Marcus Tullius Hun (May 22, 1845 – February 28, 1920) was a New York lawyer who served as the state's Supreme Court Reporter for 32 years, from his appointment in 1874 up to his retirement, in the fall of 1905.

Early life and education
Born in Albany, New York to Dr. Thomas Hun, he studied at private schools in Massachusetts and at the Albany Boys Academy before entering Union College, from which he graduated in 1865. He attended Albany Law School, and upon graduation was admitted to the bar and commenced the practice of law at Albany as a partner of Orlando Meads.

Legal career
In 1874 Hun was appointed Supreme Court Reporter, which position he held for 32 years, until the fall of 1905. In 1894, the Appellate Division of Supreme Court was established pursuant to a revised state constitution, and Hun thereafter served as publisher of the Appellate Division Reports. Hun has been described as "the most prolific reporter of the nominative reports". Upon his retirement, a resolution was published in 108 App Div xlv stating:

While serving in this capacity, he entered into partnership with his brother, Leonard G. Hun, under the firm name of M. T. & L. G. Hun. After the death of his brother he was associated with Russell Johnston and Learned Hand until 1902, when Hand moved to New York City. Hun then formed a new firm with his son-in-law, Lewis R. Parker, under the name Hun & Parker. On June 13, 1905, the board of trustees of Union College conferred upon him the honorary degree of LL. D.

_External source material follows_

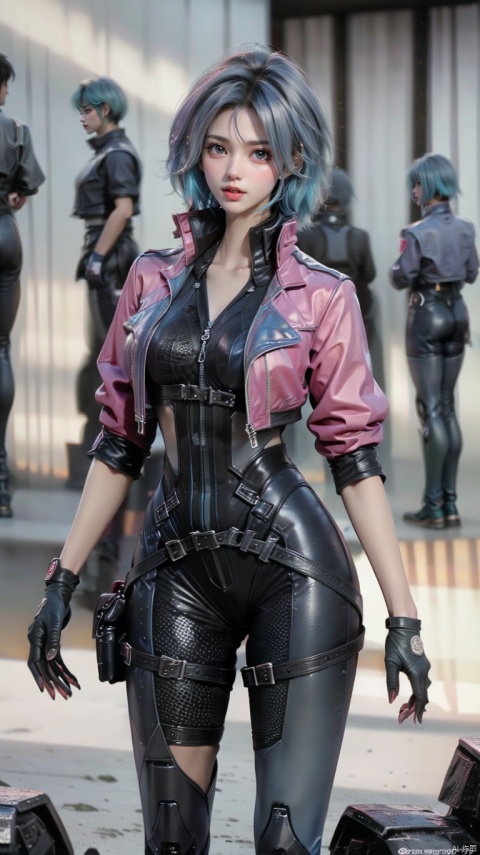  Jing,1girl,solo,blue hair,multicolored hair,gloves,looking at viewer,jacket,bodysuit,short hair,cropped jacket,science fiction,bodysuit,thigh strap,d.va \(overwatch\),boots,thigh strap,city,scenery,sky,science fiction,building,cloudy sky,night,cityscape,outdoors,(blur background:1.3),(raw photo:1.2),((photorealistic:1.4))best quality,masterpiece,illustration,an extremely delicate and beautiful,extremely detailed,CG,unity,8k wallpaper,Amazing,finely detail,masterpiece,best quality,official art,extremely detailed CG unity 8k wallpaper,absurdres,incredibly absurdres,huge filesize,ultra-detailed,highres,extremely detailed,beautiful detailed girl,cinematic lighting,1girl,pale skin,tall female,(perfect body shape),skinny body,Slender legs,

Hun also served at various times as a director of the Albany Trust Company, and of the New York State National Bank, from which he resigned to be elected president of the Albany Savings Bank on November 16, 1909. Hun was also trustee of the Albany Law School, a member of the chapter of All Saints' Cathedral and a charter member of the Fort Orange Club.

Personal life
On December 21, 1875, he married Mary Keith Van Der Poel, with whom he had four children. Van Der Poel was a daughter of the late Isaac Van Der Poel, at one time Adjutant-General of the State.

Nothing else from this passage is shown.